Frank is ranked 16th on a list that includes both houses of Congress and fifth among his colleagues in the House. According to data from the Center for Responsive Politics’ OpenSecrets.org, political action committees financed by both Freddie and Fannie have contributed $3,017,797 to members of Congress since 1989. And according to the July 16 issue of Politico, the two entities have spent a whopping $200 million to buy influence – including not only campaign donations to members of Congress, but also presidential campaigns and lobbying efforts.

In a July 23 op-ed, Wall Street Journal Editorial Page Editor Paul Gigot put the blame for the GSEs’ collapse firmly on the members of the liberal establishment who took money from Freddie and Fannie. “Fan and Fred also couldn't prosper for as long as they have without the support of the political left... This includes Mr. Frank and Sen. Chuck Schumer (D., N.Y.) on Capitol Hill, as well as Mr. [Paul] Krugman and the Washington Post's Steven Pearlstein in the press.”

Frank was asked by CNN’s John Roberts on the Sept. 22, 2008 “American Morning” about this and his opposition to reform Fannie Mae and Freddie Mac. Originally, he claimed he didn’t think the two GSEs were facing any problems when the issue first surfaced in 2003. He instead blamed the Republican-controlled Congress for their ultimate fall, failing to mention his friendly relationship with Fannie Mae and the contributions it had made to his campaign over the years.

“Yes, I did not think we were facing a crisis in 2003, but that didn't mean we didn't have to have reform,” an animated Frank said when confronted with the question. “Here’s the deal, the Republicans controlled Congress from 1995 through 2006. They did zero to reform Fannie Mae and Freddie Mac.”

However, on Sept. 17, 2008, former Bush administration Deputy Chief of Staff Karl Rove elaborated on the Bush administration’s efforts to curb abuses at the two GSEs in 2003. He told Fox News’ “Hannity & Colmes” that Frank was among the most aggressive opponents of White House attempts to reform Fannie Mae and Freddie Mac.

“All of this bad stuff on Wall Street happened because people got greedy and the greed started at Fannie Mae and Freddie Mac,” Rove said. “And I know this because five years ago, the administration was alerted by the regulator, James Lockhart, that there was insufficient authority and that these institutions – particularly Fannie – were out of control.”

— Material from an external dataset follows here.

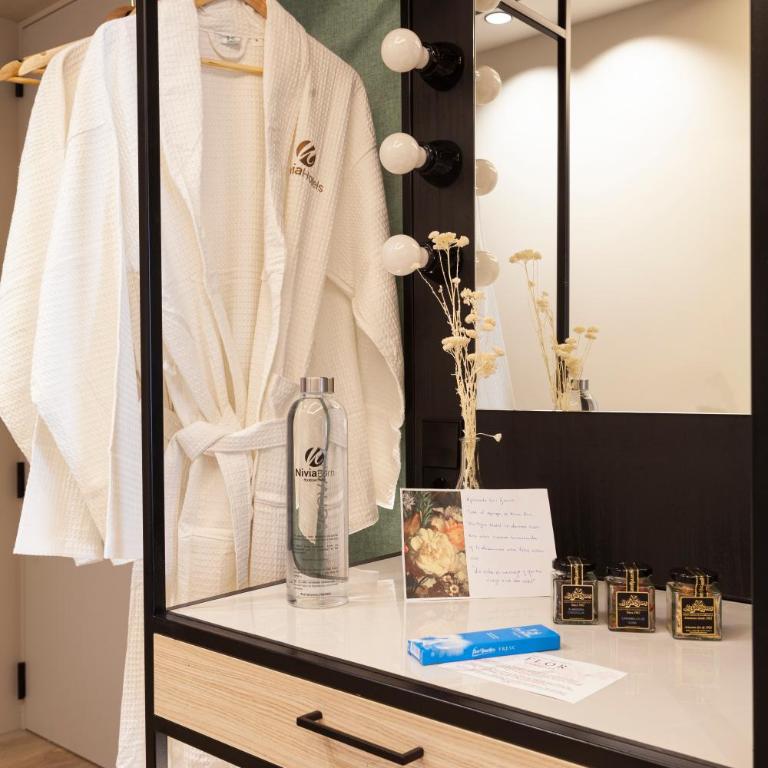 Nivia Born Boutique Hotel - Habitación cómoda - 6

Rove said the Bush administration’s efforts to reform Fannie and Freddie were opposed by congressional Democrats – specifically Frank and Senate Banking Committee Chairman Christopher Dodd, D-Conn.

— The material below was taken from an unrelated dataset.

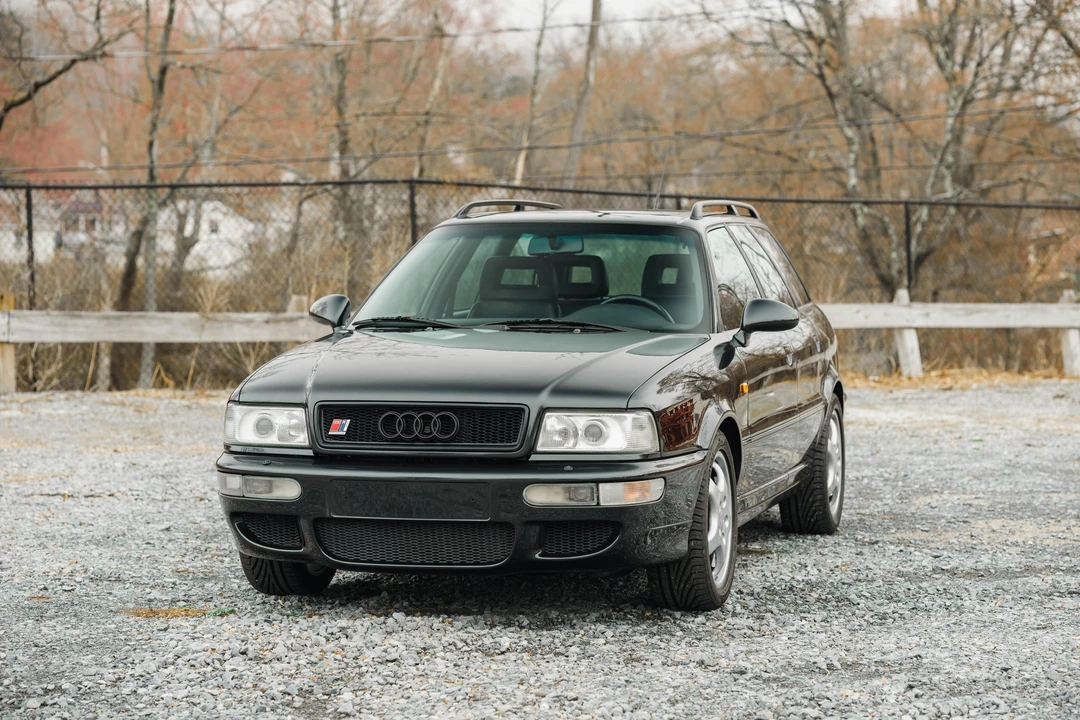 1994 Audi RS2 Avant - Image 12 of 31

“And I got to tell you, for five years, I was part of an effort at the White House to fight this and our biggest opponents on the Hill who blocked this every step of the way were people like Chris Dodd and Barney Frank. And Fannie and Freddie are the $200 billion contagion at the center of this.”

Frank has been quick to blame deregulation for some of the problems in the financial environment, as he did on Bloomberg television’s Sept. 19 “Political Capital with Al Hunt.” However, as earmark crusader Rep. Jeff Flake, R-Ariz. pointed out – it’s not deregulation, but it was the structure of Fannie Mae and Freddie Mac that had been guarded by Frank and other members of Congress.

“Some people point at deregulation,” Flake said to the Business & Media Institute on Sept. 23. “It’s not deregulation at all. We have for far too long shielded Fannie and Freddie for example, with the implicit and now explicit guarantee. I just found it humorous.”

Flake specifically named Frank as one of the members behind letting allegations of transgressions at the two GSEs for slipping by without oversight from Congress.

“Just a few minutes ago, a reporter was asking me about this and saying, ‘Barney Frank is saying that’s just – because there were allegations,’ correct ones – ‘that Fannie and Freddie have been the playground for politicians for years and now the other side is saying Fannie and Freddie were just a small part of this and this goes far beyond.’ It does, but these same people a couple of weeks ago said, ‘You got to bail out Fannie and Freddie because they touch everything out there. They touch nearly every mortgage out there.’ And because of that explicit guarantee – that we would come and bail them out, nobody has been subject to market discipline.”

Frank claims differently, according to a letter to the editor published in the Sept. 17, 2008 Wall Street Journal. Frank noted that in 2005 he supported regulating compensation for Fannie and Freddie executives.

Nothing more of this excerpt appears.